A student gives a short presentation in front of the class, demonstrating their linguistic performance.

Definition

Noun: 1. (Linguistics) The actual, observable use of language by a speaker or writer in real-world situations. This encompasses everything a person produces when speaking or writing, including sentences, pauses, repetitions, grammatical mistakes, slips of the tongue, and other features of spontaneous communication.

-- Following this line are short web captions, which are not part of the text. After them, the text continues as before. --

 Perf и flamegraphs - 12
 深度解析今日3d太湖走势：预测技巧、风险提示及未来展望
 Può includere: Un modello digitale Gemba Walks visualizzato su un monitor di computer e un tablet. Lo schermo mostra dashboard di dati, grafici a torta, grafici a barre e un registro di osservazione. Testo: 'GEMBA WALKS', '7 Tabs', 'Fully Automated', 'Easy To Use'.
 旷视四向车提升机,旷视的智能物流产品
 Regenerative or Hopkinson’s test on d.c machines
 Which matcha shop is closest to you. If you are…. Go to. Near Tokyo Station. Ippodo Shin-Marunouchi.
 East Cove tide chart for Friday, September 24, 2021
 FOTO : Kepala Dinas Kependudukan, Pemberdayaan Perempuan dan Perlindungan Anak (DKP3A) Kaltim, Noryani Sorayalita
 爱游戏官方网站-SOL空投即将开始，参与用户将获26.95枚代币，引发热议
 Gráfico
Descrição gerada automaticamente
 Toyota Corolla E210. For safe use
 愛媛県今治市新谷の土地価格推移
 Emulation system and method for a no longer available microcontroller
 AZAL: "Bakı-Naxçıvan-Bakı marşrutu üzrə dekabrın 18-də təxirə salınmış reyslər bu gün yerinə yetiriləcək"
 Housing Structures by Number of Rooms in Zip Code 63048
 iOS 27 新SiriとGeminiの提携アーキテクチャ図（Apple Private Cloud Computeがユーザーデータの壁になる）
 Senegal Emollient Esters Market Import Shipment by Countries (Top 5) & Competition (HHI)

It is contrasted with linguistic competence, which is the underlying, unconscious knowledge of language rules.

Usage
  • Linguistic performance is studied to understand how language is produced and comprehended in real time, accounting for cognitive constraints and situational factors.
  • It is often analyzed in fields like psycholinguistics, sociolinguistics, and language acquisition research.
  • The term is frequently used in contrast to "competence" to distinguish between knowledge and action.
Examples
  • A researcher might analyze a child's linguistic performance—including their hesitations and word order errors—to understand their developing language skills.
  • The difference between a speaker's linguistic competence (knowing the grammar) and their linguistic performance (making a mistake under pressure) is a key concept in theoretical linguistics.
  • Factors like nervousness, fatigue, or distraction can negatively affect a person's linguistic performance during a speech.
Advanced Usage
  • Performance error: A specific mistake (e.g., a slip of the tongue like "teep a kape" for "keep a tape") that occurs in linguistic performance but does not reflect a lack of linguistic competence.
  • Performance grammar: A model of grammar that attempts to account for the mechanisms and constraints involved in the production and comprehension of utterances (performance), as opposed to a competence grammar which models abstract knowledge.
Variants and Related Words
  • Performance (noun, general): The act of carrying out or accomplishing something. In linguistics, it is specifically qualified as performance.
  • Linguistic competence (noun): The unconscious knowledge of grammar and language rules that a fluent speaker possesses.
Synonyms
  • Language use
  • Language production
  • Actual speech
  • E-language (Externalized language, in some theoretical frameworks)
Antonyms
  • Linguistic competence
  • I-language (Internalized language, in some theoretical frameworks)
linguistic performance

A student gives a short presentation in front of the class, demonstrating their linguistic performance.

Noun
  1. (linguistics) a speaker's actual use of language in real situations; what the speaker actually says, including grammatical errors and other non-linguistic features such as hesitations and other disfluencies (contrasted with linguistic competence)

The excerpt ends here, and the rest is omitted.